DIRECTIONS FOR THIS TASK:
The data below holds a line containing "Elektrisüsteem - Veoauto" and a line containing "Bulkhead Nut AN12 (Black)"; please quote exactly those two lines and every line between them, and nothing else.

== DATA FOR THIS EXERCISE

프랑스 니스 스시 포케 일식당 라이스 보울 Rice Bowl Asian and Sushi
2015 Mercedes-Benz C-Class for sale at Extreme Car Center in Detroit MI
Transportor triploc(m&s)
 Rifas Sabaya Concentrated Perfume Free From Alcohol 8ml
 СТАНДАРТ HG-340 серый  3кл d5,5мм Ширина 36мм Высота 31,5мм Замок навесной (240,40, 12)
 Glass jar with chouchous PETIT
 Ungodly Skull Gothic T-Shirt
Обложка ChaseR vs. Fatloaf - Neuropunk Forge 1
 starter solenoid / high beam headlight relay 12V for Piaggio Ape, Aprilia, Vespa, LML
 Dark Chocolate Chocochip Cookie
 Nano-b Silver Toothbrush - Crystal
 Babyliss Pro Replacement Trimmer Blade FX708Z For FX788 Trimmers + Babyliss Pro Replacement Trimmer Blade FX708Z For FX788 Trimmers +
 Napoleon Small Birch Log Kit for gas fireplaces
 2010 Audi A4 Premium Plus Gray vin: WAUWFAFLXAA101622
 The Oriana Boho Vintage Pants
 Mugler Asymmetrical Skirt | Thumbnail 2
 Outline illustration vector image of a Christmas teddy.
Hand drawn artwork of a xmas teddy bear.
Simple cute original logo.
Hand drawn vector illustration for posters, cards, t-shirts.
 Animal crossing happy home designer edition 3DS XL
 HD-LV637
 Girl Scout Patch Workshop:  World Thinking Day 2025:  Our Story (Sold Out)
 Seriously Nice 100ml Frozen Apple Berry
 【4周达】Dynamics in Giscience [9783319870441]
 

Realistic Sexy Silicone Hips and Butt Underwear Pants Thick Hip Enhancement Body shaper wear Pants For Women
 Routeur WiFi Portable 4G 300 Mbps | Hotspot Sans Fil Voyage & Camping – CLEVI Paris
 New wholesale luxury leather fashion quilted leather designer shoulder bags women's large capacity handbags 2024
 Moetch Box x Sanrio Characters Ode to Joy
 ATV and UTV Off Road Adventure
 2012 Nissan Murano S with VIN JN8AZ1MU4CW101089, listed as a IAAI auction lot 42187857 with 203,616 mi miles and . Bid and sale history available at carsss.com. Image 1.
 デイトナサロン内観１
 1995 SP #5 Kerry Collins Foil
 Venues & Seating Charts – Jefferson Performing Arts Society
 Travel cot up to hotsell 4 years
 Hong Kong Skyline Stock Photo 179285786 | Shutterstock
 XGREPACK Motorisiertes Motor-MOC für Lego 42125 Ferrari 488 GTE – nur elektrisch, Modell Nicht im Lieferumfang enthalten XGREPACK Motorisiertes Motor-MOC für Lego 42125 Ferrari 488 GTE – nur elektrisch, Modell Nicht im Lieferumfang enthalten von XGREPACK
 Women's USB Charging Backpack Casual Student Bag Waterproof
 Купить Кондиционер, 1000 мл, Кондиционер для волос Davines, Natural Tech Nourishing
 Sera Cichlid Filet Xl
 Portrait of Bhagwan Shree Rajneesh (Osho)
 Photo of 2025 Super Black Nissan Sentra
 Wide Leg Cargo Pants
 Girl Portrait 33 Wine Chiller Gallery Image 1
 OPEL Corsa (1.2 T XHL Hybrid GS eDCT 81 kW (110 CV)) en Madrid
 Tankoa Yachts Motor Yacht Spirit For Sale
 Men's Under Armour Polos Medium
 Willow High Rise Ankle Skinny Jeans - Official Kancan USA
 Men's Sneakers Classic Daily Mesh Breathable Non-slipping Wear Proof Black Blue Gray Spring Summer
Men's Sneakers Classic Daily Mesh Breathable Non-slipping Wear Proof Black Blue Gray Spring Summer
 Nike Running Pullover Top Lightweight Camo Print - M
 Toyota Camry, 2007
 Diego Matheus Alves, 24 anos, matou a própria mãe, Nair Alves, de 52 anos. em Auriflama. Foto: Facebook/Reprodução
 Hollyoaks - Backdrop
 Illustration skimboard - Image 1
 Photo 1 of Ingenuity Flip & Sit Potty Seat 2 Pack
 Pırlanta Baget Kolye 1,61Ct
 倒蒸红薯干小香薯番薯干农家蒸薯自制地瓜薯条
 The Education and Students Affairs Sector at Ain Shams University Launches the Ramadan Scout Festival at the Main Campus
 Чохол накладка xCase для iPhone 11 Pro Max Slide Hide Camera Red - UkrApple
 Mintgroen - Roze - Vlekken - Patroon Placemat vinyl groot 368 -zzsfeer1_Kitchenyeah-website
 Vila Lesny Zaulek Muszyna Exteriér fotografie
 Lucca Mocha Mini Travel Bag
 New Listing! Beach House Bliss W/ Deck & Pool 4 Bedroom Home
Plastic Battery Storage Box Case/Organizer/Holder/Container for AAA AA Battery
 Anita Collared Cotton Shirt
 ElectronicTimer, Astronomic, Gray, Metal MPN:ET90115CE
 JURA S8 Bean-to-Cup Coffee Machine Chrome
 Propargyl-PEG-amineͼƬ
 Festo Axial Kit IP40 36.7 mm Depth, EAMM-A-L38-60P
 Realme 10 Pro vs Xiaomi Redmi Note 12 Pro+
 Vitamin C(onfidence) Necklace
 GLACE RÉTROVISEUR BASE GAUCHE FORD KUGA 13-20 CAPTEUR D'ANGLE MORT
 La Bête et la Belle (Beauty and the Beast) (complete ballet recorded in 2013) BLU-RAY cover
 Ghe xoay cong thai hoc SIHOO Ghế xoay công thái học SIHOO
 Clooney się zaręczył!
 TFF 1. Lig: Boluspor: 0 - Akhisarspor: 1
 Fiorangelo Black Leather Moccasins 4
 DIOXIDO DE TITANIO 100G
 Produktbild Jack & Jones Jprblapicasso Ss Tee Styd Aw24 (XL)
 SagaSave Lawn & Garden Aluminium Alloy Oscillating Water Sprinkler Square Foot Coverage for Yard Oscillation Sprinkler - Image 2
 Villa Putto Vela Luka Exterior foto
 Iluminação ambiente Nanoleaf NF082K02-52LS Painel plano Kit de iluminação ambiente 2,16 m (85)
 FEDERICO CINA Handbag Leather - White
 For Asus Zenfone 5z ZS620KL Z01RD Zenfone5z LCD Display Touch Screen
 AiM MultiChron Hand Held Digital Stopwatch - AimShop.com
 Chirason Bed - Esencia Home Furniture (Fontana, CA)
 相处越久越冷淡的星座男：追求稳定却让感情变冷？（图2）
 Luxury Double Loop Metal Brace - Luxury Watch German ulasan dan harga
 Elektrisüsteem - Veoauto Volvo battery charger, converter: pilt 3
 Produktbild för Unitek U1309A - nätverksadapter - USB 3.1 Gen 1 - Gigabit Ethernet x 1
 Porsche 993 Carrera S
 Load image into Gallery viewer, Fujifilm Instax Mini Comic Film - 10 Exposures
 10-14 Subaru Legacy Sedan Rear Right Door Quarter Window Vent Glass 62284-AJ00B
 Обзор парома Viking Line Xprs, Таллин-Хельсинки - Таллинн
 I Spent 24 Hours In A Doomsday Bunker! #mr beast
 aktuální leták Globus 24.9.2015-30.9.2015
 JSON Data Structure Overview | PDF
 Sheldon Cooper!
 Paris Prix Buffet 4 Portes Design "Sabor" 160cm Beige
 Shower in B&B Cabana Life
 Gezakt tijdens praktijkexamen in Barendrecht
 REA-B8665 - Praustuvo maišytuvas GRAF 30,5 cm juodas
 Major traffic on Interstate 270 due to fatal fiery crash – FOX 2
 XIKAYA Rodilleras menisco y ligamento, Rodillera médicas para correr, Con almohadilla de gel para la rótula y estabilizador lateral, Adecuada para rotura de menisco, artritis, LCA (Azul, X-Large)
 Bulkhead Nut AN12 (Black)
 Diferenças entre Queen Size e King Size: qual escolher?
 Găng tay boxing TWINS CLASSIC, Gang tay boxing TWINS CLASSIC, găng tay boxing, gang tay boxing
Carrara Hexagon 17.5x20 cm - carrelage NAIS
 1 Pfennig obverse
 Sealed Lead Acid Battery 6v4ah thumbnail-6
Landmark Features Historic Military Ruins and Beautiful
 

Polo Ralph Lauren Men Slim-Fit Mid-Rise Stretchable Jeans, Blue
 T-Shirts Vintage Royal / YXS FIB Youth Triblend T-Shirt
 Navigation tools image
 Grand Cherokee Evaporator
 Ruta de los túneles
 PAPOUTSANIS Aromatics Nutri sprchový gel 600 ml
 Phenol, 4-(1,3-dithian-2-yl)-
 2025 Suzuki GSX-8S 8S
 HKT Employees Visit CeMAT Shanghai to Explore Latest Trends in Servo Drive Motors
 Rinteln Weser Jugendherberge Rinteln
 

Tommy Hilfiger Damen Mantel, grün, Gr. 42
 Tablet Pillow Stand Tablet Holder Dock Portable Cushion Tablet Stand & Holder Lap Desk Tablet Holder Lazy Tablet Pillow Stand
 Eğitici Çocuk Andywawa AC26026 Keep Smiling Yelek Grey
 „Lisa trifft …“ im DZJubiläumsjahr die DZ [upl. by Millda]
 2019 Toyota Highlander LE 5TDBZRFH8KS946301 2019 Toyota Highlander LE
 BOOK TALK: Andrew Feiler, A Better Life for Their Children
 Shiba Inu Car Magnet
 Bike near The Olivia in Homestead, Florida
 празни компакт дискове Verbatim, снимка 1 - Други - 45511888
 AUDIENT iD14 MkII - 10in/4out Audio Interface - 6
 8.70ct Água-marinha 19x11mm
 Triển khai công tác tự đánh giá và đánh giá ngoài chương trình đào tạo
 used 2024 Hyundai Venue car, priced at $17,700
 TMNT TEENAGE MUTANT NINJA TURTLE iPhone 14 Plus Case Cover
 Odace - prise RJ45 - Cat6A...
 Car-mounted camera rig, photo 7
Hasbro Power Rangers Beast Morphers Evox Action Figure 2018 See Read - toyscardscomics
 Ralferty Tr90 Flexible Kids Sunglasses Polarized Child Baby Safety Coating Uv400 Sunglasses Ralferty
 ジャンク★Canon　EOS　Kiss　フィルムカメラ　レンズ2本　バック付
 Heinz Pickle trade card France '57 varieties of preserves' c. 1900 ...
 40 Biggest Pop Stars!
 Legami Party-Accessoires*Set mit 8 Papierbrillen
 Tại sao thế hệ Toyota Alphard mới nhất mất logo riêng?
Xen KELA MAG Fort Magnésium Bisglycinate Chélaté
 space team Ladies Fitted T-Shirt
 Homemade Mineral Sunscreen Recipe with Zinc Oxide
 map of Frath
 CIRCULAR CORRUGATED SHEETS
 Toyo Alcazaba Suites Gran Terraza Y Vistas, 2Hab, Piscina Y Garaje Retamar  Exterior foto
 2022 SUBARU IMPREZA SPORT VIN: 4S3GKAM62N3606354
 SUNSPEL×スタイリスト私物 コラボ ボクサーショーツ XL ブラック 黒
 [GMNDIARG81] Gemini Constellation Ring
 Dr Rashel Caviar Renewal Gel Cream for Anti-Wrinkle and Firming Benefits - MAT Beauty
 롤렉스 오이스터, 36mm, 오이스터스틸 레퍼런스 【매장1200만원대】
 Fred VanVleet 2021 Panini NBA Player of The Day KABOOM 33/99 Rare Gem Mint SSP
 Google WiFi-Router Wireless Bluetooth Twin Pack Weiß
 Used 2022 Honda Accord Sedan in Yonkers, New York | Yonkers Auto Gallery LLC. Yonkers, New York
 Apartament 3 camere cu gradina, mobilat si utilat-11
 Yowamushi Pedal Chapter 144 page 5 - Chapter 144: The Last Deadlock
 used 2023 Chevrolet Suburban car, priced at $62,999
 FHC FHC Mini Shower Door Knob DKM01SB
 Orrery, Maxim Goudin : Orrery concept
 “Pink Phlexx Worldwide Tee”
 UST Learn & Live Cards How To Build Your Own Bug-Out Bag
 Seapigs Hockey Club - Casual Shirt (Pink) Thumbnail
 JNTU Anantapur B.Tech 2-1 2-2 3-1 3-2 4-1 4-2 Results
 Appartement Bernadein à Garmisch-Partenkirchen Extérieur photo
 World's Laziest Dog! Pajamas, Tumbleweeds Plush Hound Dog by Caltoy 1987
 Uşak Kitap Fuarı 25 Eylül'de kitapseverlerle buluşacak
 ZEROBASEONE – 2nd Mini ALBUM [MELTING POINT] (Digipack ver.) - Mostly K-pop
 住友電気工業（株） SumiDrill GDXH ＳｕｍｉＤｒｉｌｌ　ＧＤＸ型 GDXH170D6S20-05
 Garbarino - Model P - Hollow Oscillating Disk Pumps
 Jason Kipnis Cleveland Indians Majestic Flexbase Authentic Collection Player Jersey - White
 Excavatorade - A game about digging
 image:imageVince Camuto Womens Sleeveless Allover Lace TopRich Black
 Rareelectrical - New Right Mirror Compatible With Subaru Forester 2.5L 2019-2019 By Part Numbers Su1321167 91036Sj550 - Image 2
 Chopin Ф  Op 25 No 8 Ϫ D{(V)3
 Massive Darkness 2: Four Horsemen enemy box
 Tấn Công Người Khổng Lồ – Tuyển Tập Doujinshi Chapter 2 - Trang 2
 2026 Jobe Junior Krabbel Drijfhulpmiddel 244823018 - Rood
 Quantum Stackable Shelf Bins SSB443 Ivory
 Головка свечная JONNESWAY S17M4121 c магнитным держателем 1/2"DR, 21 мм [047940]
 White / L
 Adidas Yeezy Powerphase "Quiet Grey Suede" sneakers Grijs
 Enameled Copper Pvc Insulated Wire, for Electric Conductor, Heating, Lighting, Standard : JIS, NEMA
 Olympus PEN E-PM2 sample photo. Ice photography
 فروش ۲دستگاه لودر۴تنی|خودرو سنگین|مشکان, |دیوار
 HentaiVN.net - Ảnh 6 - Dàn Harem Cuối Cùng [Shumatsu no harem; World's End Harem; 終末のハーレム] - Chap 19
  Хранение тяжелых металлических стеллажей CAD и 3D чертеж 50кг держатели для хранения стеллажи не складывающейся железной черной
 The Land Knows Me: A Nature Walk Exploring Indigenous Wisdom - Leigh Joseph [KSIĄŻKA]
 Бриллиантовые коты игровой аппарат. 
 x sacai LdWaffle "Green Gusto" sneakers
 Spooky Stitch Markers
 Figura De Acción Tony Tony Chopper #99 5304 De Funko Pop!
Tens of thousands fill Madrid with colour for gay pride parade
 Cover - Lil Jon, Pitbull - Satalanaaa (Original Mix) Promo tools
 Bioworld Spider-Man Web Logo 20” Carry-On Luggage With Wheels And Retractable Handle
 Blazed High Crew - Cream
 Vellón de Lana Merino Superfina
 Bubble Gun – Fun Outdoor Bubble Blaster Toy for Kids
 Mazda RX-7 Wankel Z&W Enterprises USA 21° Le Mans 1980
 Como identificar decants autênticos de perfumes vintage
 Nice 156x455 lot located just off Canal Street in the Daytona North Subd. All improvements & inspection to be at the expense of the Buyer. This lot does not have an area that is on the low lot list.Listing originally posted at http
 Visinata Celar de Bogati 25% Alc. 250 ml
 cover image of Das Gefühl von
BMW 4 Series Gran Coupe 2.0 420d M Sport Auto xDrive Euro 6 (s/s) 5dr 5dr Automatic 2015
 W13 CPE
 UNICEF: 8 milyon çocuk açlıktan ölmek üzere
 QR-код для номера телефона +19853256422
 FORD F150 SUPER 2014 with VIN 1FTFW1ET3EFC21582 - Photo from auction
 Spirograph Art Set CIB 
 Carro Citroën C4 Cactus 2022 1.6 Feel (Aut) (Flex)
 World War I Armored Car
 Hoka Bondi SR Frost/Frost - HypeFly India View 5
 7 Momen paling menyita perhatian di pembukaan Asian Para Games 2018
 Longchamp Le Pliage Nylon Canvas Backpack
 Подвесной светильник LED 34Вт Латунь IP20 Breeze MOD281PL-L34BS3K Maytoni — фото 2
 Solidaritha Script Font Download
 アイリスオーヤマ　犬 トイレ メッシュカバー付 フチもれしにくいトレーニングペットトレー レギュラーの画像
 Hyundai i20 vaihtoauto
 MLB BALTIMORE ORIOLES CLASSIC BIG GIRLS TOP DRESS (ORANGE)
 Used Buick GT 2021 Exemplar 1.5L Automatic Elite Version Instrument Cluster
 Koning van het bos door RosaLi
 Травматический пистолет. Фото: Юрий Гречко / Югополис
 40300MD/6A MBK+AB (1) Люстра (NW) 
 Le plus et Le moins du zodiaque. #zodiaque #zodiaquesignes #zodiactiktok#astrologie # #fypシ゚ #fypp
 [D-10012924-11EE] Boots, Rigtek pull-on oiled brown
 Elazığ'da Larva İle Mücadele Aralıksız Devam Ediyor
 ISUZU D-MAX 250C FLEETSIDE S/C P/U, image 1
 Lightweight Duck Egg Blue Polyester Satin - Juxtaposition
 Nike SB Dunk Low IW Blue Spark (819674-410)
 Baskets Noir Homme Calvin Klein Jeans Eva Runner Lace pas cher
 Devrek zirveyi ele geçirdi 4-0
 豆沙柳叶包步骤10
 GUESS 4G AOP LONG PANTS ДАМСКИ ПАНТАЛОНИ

====

TASK SOLUTION:
 Elektrisüsteem - Veoauto Volvo battery charger, converter: pilt 3
 Produktbild för Unitek U1309A - nätverksadapter - USB 3.1 Gen 1 - Gigabit Ethernet x 1
 Porsche 993 Carrera S
 Load image into Gallery viewer, Fujifilm Instax Mini Comic Film - 10 Exposures
 10-14 Subaru Legacy Sedan Rear Right Door Quarter Window Vent Glass 62284-AJ00B
 Обзор парома Viking Line Xprs, Таллин-Хельсинки - Таллинн
 I Spent 24 Hours In A Doomsday Bunker! #mr beast
 aktuální leták Globus 24.9.2015-30.9.2015
 JSON Data Structure Overview | PDF
 Sheldon Cooper!
 Paris Prix Buffet 4 Portes Design "Sabor" 160cm Beige
 Shower in B&B Cabana Life
 Gezakt tijdens praktijkexamen in Barendrecht
 REA-B8665 - Praustuvo maišytuvas GRAF 30,5 cm juodas
 Major traffic on Interstate 270 due to fatal fiery crash – FOX 2
 XIKAYA Rodilleras menisco y ligamento, Rodillera médicas para correr, Con almohadilla de gel para la rótula y estabilizador lateral, Adecuada para rotura de menisco, artritis, LCA (Azul, X-Large)
 Bulkhead Nut AN12 (Black)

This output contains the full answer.